Hugo Mora, a patient with addiction, speaks with doctor Luis Suárez in the detoxification area of a Guayaquil hospital January 6. MARCO’S PIN (AFP)
“It all started when I started school, my friend told me this is H, it will do you good,” Pablo recounts his first experience with heroin, which they call H, the most dangerous drug circulating on the streets of Guayaquil , in Ecuador. It is highly addictive and so cheap that it can easily be sold in schools. It is consumed by children from 12 years of age. Pablo was 15 when he tried it “out of curiosity”. “They didn’t force me and I was fine, although I felt nauseous and dizzy the first time.” Two years have passed since then and the addiction escalated until he dropped out of school and home. Now he wanders the streets selling anything that will allow him to buy the daily dose for a few dollars.

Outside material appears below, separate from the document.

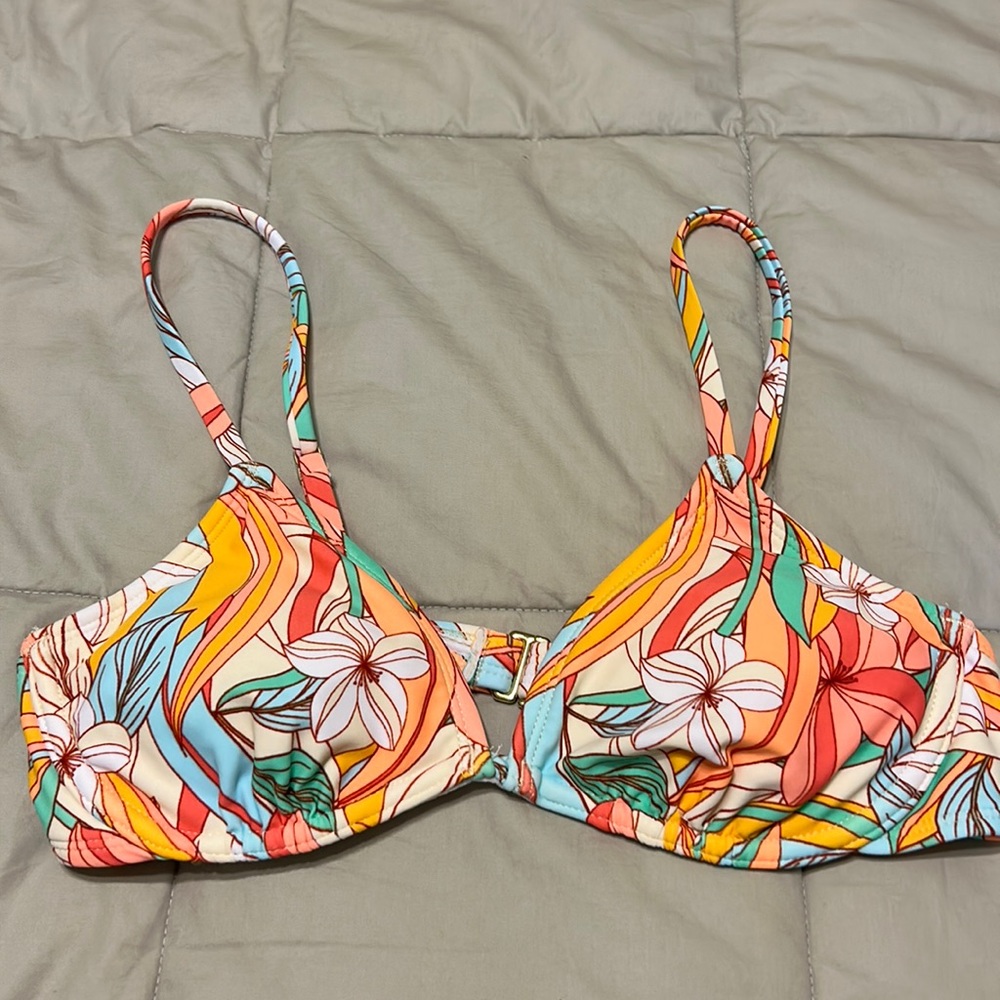 Target bathing suit top with underwire, size medium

He looks malnourished, his face emaciated, like someone who only sleeps a few hours. His hands are frozen and he repeatedly rubs them on his pants. “I have three hours without consumption,” he says, explaining the cold he feels in a city where it’s always hot. You have withdrawal symptoms.
The H has a base of heroin mixed with amphetamines, construction cement, paint scraped off the walls, and even small doses of rat poison have been found. The mix alternates between dealers. A 1-gram H case sells for $1.25 on the street, and for the average consumer, that amount only lasts a few hours. “The drug, while cheaper, is more toxic and therefore more harmful,” says Rómulo Bermeo, an addiction doctor who works with the Drug Prevention Commission of the Guayas College of Physicians.
Bermeo makes many visits to places where H users are known to congregate, trying to convince them to go on a detox regimen. “I explain to them that we will not admit them to a clinic, that it can be an outpatient clinic,” he explains.
Among the neighborhoods it passes through is the Suburbio, one of the most populated in Guayaquil, where the hacheritos, as consumers call them, roam around like zombies selling bottled water or candy. You buy from merchants at any time of the day. You open the case, dip your finger in the powder and inhale. They take their water bottles and walk slowly. Nobody tells them anything. “They used to be wary of being seen as consuming, but not now. Even on the bus they use up and you just don’t have to look,” says Rocío, a resident of the industry.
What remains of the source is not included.